===== INFORMATION SUPPLIED =====

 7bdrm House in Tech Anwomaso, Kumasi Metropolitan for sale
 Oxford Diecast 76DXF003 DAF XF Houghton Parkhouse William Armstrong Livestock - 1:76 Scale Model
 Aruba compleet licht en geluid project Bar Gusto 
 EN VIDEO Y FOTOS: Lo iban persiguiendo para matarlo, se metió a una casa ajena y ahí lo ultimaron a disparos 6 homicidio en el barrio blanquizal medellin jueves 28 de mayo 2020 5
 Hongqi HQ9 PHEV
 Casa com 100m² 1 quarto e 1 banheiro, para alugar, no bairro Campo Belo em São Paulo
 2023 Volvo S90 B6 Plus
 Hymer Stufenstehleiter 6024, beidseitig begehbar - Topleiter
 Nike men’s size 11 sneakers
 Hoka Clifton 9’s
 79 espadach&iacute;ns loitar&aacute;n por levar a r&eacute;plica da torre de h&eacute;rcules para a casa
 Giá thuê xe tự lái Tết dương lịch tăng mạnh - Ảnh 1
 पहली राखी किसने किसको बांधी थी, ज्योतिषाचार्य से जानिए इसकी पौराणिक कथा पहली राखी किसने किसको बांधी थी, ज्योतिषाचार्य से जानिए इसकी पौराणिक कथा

=====

PROBLEM DESCRIPTION
Print exactly the lines from the one with "Giá thuê xe" through the end of the data, inclusive.

WRITTEN SOLUTION
 Giá thuê xe tự lái Tết dương lịch tăng mạnh - Ảnh 1
 पहली राखी किसने किसको बांधी थी, ज्योतिषाचार्य से जानिए इसकी पौराणिक कथा पहली राखी किसने किसको बांधी थी, ज्योतिषाचार्य से जानिए इसकी पौराणिक कथा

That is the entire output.